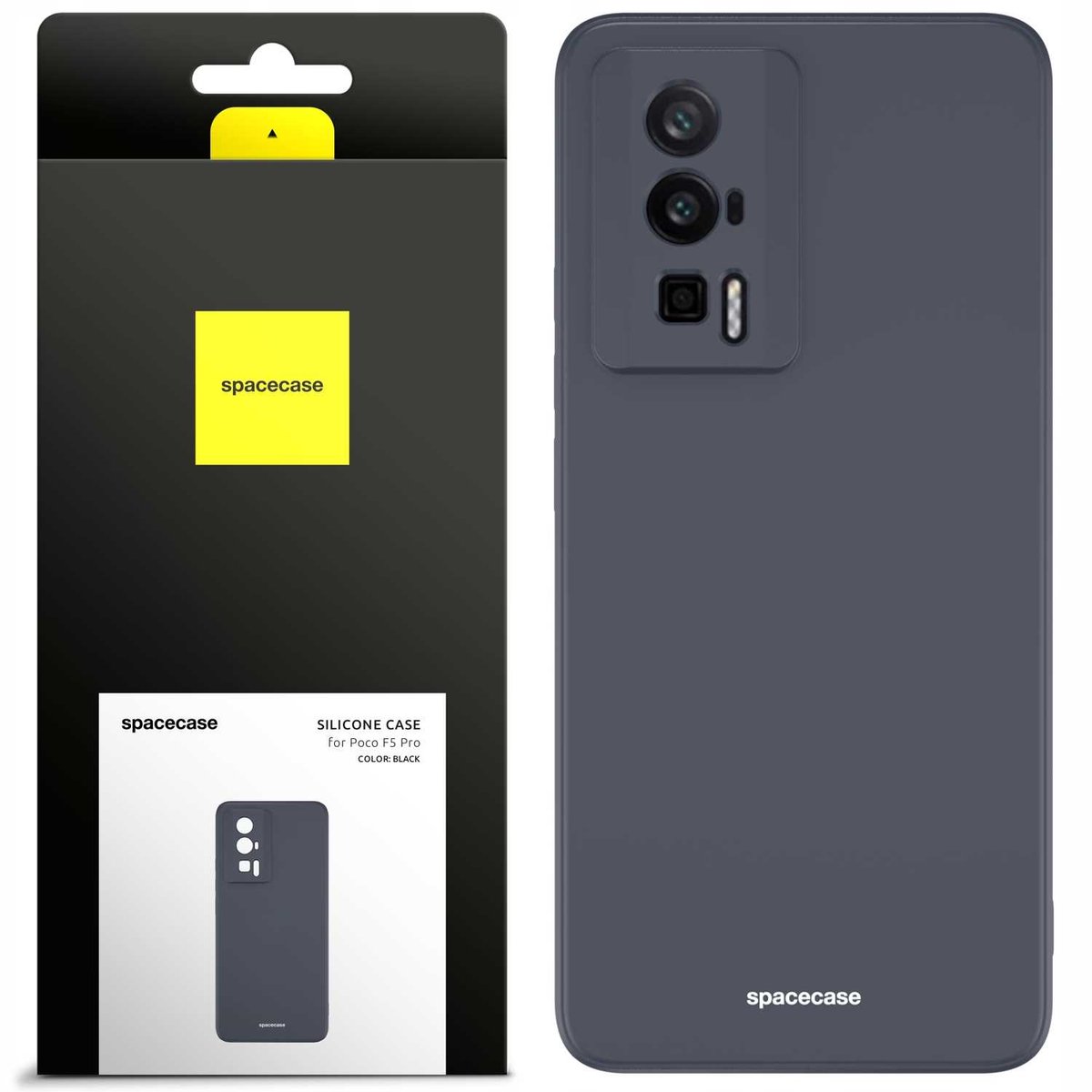 Spacecase Siliconen Hoesje Poco F5 Pro Zwart Voor Telefoon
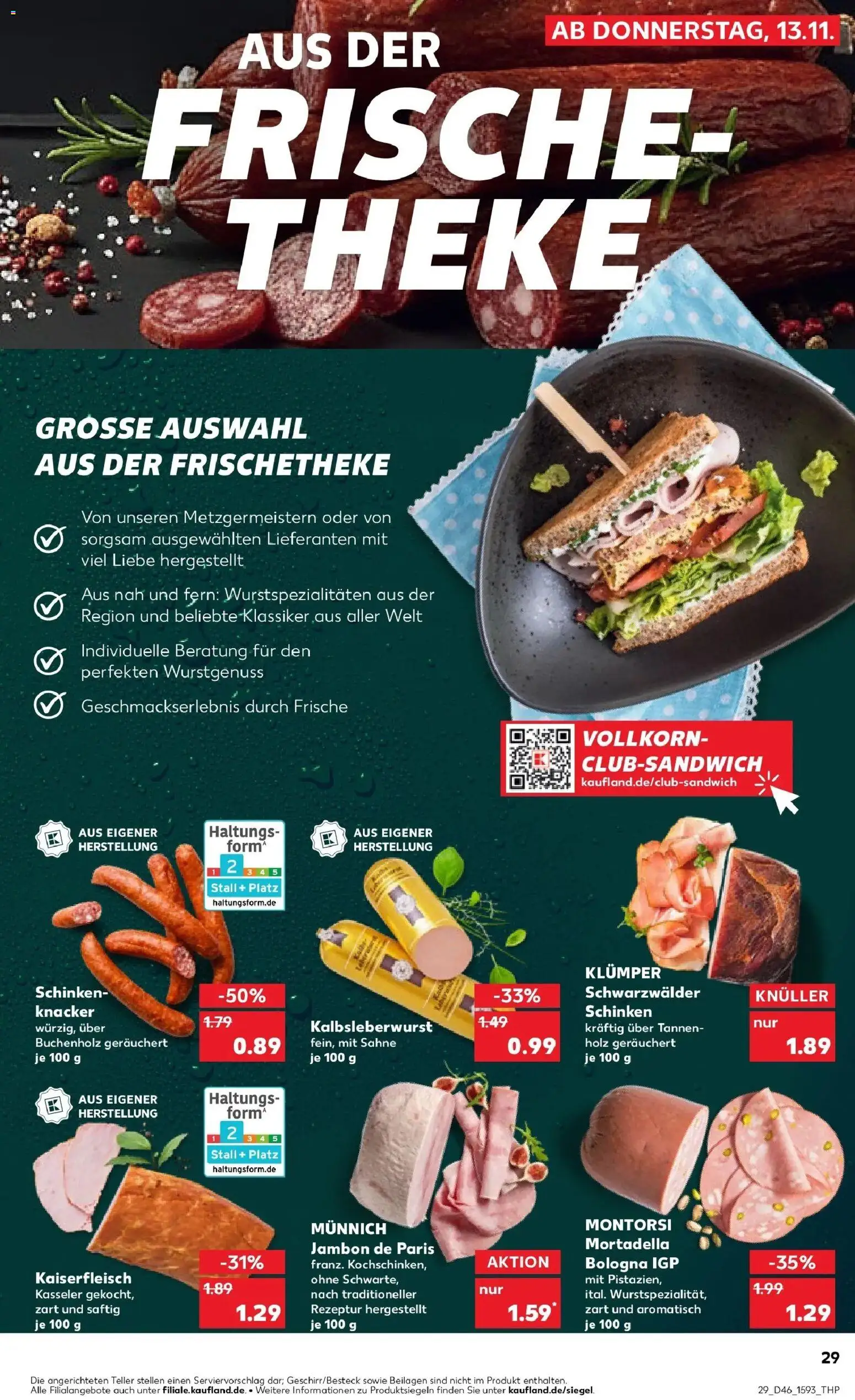 Kaufland prospekt Ulm	 – gültig ab 13.11.2025 | Seite: 29 | Produkte: Theke, Schinken, Sahne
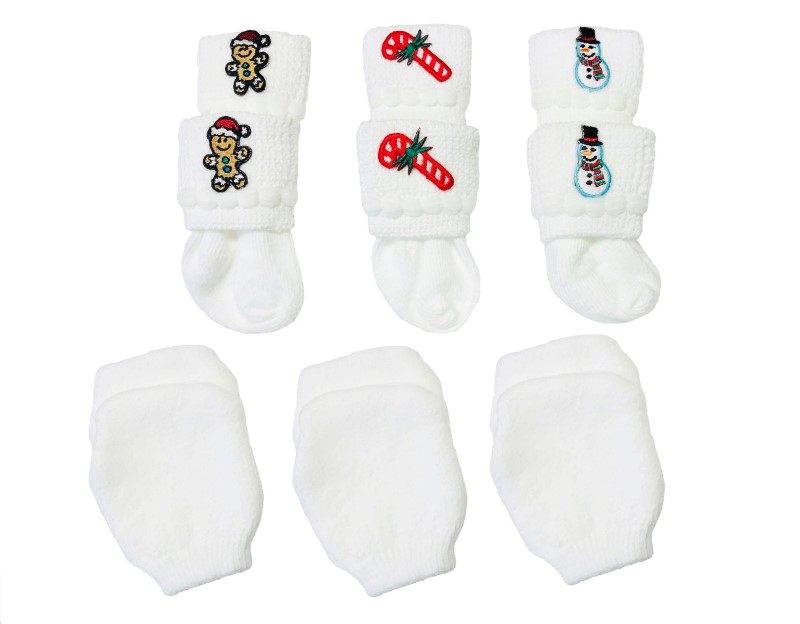 Newborn Christmas Sock & Mitten Set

WORK ITEM:
Starting with the line that contains "Theke, Schinken, Sahne" and ending with the last line of the material, every line must be written out exactly; no other lines and no pictures are wanted.

TASK SOLUTION:
 Kaufland prospekt Ulm	 – gültig ab 13.11.2025 | Seite: 29 | Produkte: Theke, Schinken, Sahne
 Newborn Christmas Sock & Mitten Set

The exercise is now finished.